The meeting focused on reviewing recent system issues and updates to the computational infrastructure. David reported on resolving SSH service drops on login nodes by implementing new memory and swap limits, restricting users to 50% of RAM and 5GB swap maximum, along with limiting CPU usage to half of available cores. The team discussed challenges with upgrading to Alma Linux 9.8 due to incompatible Nvidia drivers on older GPUs, with Alexander agreeing to investigate potential solutions. Jan provided updates on implementing token authentication for OSG and CMS, including resolving recent connection issues after a reboot of submit06 node. The team also addressed problems with submit67 being down due to likely kernel installation issues, and discussed the need to organize and document configuration files better on GitHub.
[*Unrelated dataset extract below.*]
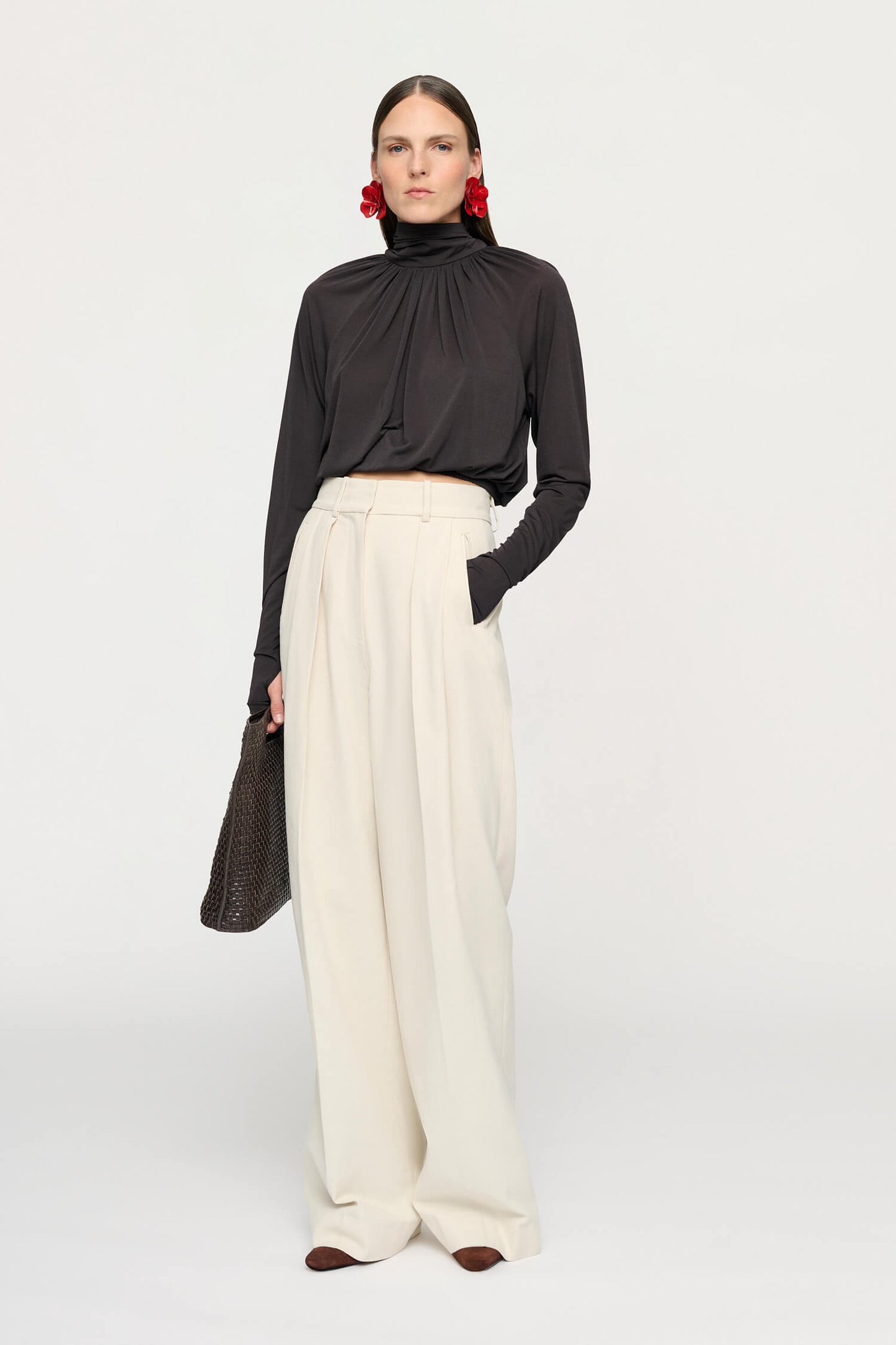 ARION TOP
The team discussed recent system issues and updates. David reported resolving SSH service problems on login nodes by implementing new memory and CPU usage limits for users, setting swap limits, and unifying restrictions across all machines. The team also addressed GPU-related challenges, including compatibility issues with new Alma Linux 9.8 kernels and driver updates for older Nvidia cards, with Alexander agreeing to investigate the submit67 node failure and compile issues with 1080 GPUs. Maria Rosaria noted that the Archie service needs configuration for automatic restart after reboots, and the team discussed plans to upgrade all machines to Alma Linux 9.8 once GPU driver compatibility issues are resolved.
Jan reported implementing token authentication for OSG as requested, with the token generated on submit06 node awaiting activation on their side before full implementation. Jan also resolved an issue with job submissions after a recent reboot of node 06, which appeared to affect token permissions to the CMS pool, by reinstalling the token. Jan mentioned plans to investigate enabling token authentication for Condor users and to create a comprehensive list of configuration files for both Condor and Slurm systems to be organized on GitHub.